At the end of last year, I discovered podcasts and I decided that my 2020 will be about experimenting with different podcasts in many languages. Therefore, I discovered a podcast named Sowt and it was the best podcast I have heard so far. I am still new but I can definitely tell when the podcast is good or not.

My favorite was named عيب which means ‘shame’ and they have discussed many topics around this theme, such as abortion, sexual orientations, love after death, young mothers, etc. One of my favorites was the one discussed the happy women mold created by societies and it caught my attention with all the details they discussed and the stories of mothers in the Arab world.

That made me come up with so many questions and I thought of motherhood and mothers in Libya. The typical picture created for mothers that they have to fit in a certain criterion where they can’t leave or be something beyond this role. It is as if a woman doesn’t exist before becoming a mother.

I knew I couldn’t answer all of the questions I had as I am not married and I am not a mother and I don’t know what it feels like to be one. It would be unfair to assume answers to the questions I had. Therefore, I decided to choose mothers I know and ask them the questions I had. I picked 5 mothers from different backgrounds and stories and they were all open to answer my questions, including my own mother. 
I learned so much from each one of them and it made me personally realize many things and get to know new things about motherhood and how mothers are beyond this role and social pressure related to it. In this piece, I am sharing the conversations I had with these amazing women who agreed to take part in this article and to make it happen. Without them, I wouldn’t have been able to write this piece.  I interviewed my own mother, a mom of four.

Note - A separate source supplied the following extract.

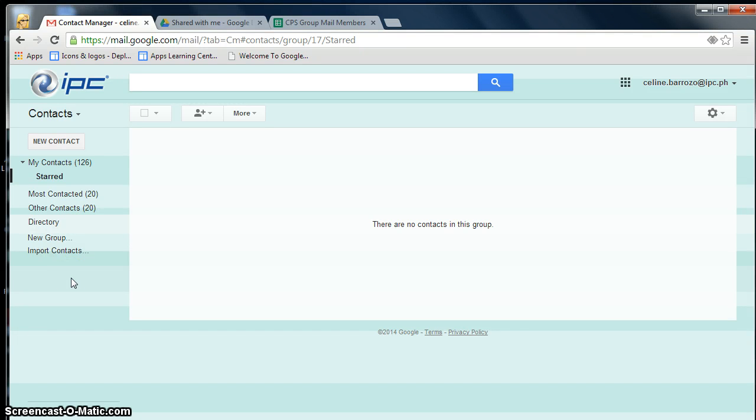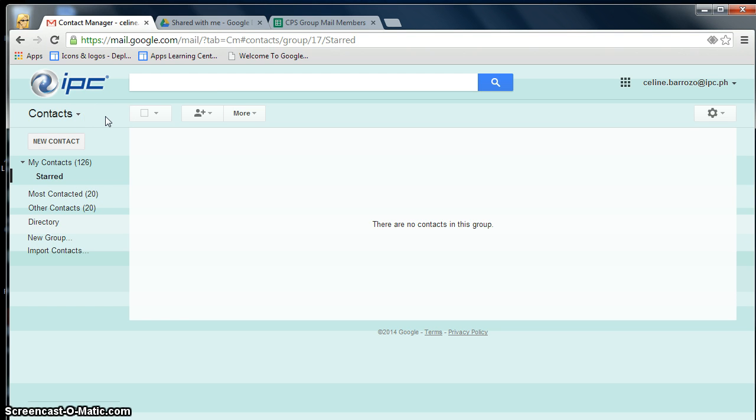Hi everyone, in this video I will show you how to create your personal mailing list in Google Contacts. A personal mailing list is very useful when you frequently contact the same group of people over and over again.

Nadia a mother of three kids. Nina, a mother of two, Thuraya a mother of three and Mona a mother of two. As I mentioned, I am not a mother and I don’t know what it feels like and maybe one day I will get to experience it but I wanted to know how they felt when they first became mothers and if it could be described in words and how their experience was and I am sure it was surely different. In this article, I will share with you the story of Nina Buisier as the first part of this series and I will share the other stories in my upcoming articles.  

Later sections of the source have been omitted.